For those of you using Sonnet over API: is this behaviour similar there out of the box? If not, does simply pasting the recently exfiltrated[1] “agentic” prompt into the API system prompt get you (most of the way) there?

[1] https://news.ycombinator.com/item?id=43909409

3abiton•45m ago
How does it compare to MCP servers?
darkteflon•2m ago
Not sure if I correctly understand your question. I was saying that Sonnet 3.7 in the desktop app is good out-of-the-box at orchestrating tools exposed as MCP servers and asking whether that behaviour is also present over the Anthropic API.
arjunchint•1h ago
I am kind of confused why can't you just create a new MCP tool that encapsulates parsing and other required steps together in a code block?

This would be more reliable than expecting the LLM to generate working code 100% of the time?

Centigonal•51m ago
You should for sure do this for common post processing tasks.
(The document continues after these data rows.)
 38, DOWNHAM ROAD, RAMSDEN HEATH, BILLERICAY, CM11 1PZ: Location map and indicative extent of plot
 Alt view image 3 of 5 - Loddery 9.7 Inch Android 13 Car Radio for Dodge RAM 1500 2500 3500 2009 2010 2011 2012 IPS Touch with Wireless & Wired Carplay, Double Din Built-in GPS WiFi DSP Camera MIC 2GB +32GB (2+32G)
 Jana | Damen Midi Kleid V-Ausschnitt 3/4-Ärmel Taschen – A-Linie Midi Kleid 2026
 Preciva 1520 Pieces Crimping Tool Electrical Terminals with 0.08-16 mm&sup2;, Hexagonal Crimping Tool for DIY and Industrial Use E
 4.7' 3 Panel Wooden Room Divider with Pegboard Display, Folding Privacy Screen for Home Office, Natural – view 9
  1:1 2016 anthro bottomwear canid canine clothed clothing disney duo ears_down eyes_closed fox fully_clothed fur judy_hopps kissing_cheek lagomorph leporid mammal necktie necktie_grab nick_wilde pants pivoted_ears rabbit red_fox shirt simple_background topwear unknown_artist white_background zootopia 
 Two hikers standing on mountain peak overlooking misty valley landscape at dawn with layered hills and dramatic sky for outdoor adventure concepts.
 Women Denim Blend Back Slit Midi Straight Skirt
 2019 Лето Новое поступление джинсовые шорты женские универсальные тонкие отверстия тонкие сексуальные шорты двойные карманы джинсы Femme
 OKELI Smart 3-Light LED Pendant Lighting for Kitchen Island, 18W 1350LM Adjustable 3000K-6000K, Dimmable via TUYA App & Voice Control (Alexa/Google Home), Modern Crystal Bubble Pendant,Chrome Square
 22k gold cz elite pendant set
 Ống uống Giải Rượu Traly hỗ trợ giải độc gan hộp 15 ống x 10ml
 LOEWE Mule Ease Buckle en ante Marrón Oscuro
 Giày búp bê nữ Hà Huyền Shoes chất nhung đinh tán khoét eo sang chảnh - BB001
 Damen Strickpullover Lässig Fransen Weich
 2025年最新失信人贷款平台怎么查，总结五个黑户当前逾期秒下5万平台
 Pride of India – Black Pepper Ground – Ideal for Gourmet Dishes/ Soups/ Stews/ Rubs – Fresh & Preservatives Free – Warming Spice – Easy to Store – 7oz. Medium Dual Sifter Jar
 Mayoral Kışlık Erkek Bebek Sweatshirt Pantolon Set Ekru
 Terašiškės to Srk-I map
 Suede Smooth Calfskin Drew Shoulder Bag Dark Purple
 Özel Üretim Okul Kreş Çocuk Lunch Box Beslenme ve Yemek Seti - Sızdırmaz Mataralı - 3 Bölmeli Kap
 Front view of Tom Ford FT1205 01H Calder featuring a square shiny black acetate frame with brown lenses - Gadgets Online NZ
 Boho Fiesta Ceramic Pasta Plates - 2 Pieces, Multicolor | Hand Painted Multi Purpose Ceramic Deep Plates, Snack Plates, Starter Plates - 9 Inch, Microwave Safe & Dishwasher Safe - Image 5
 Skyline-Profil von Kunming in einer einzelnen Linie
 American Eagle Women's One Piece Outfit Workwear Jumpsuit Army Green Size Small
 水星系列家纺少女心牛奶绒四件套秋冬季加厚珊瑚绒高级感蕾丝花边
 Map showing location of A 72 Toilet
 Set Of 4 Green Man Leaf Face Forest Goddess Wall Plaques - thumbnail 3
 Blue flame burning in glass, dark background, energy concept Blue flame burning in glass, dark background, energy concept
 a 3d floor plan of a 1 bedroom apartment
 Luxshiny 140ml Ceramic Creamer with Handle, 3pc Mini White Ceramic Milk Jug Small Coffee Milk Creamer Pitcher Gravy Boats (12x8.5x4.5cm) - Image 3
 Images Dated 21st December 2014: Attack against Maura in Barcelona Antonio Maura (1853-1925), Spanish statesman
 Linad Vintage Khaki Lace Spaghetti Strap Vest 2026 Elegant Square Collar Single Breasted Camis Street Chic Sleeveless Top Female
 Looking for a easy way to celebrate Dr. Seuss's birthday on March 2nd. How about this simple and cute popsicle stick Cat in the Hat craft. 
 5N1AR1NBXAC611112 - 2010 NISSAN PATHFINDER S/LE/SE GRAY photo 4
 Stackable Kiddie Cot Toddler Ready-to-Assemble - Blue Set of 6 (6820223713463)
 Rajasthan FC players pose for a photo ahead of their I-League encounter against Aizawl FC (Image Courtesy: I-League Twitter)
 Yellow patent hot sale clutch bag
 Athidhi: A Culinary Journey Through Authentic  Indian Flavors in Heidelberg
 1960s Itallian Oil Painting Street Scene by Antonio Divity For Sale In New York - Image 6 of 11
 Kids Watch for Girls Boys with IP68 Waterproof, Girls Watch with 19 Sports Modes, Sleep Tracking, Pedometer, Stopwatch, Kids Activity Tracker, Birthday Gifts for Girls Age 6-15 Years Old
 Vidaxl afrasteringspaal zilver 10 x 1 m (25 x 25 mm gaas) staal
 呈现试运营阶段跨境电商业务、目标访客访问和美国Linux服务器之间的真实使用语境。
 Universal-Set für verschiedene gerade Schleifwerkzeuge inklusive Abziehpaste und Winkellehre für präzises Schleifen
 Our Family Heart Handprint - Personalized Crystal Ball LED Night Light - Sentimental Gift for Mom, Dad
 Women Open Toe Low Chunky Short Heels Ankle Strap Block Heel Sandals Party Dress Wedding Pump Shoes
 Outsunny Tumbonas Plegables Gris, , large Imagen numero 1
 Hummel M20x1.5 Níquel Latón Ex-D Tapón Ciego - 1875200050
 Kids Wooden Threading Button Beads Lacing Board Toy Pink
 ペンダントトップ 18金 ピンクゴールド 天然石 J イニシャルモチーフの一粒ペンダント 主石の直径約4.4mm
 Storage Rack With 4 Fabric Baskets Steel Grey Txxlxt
However, you're usually not going to know all the types of post-processing users will want to do with tool call output at design-time.
darkteflon•1h ago
What are the current best options for sandboxed execution environments? HuggingFace seems to have a tie-up with E2B, although by default smolagents runs something ephemeral in-process. I feel like there must be a good Docker container solution to this that doesn’t require signing up to yet another SaaS. Any recommendations?
colonCapitalDee•50m ago
Try gVisor
iLoveOncall•1h ago
That's MCP for you.

MCP is literally just a wrapper around an API call, but because it has some LLM buzz sprinkled on top, people expect it to do some magic, when they wouldn't expect the same magic from the underlying API.

stavros•41m ago
I would really like to see output-aware LLM inference engines. For example, imagine if the LLM output some tokens that meant "I'm going to do a tool call now", and the inference engine (e.g. llama.cpp) changed the grammar on the fly so the next token could only be valid for the available tools.

Or, if I gave the LLM a list of my users and asked it to filter based on some criteria, the grammar would change to only output user IDs that existed in my list.

I don't know how useful this would be in practice, but at least it would make it impossible for the LLM to hallucinate for these cases.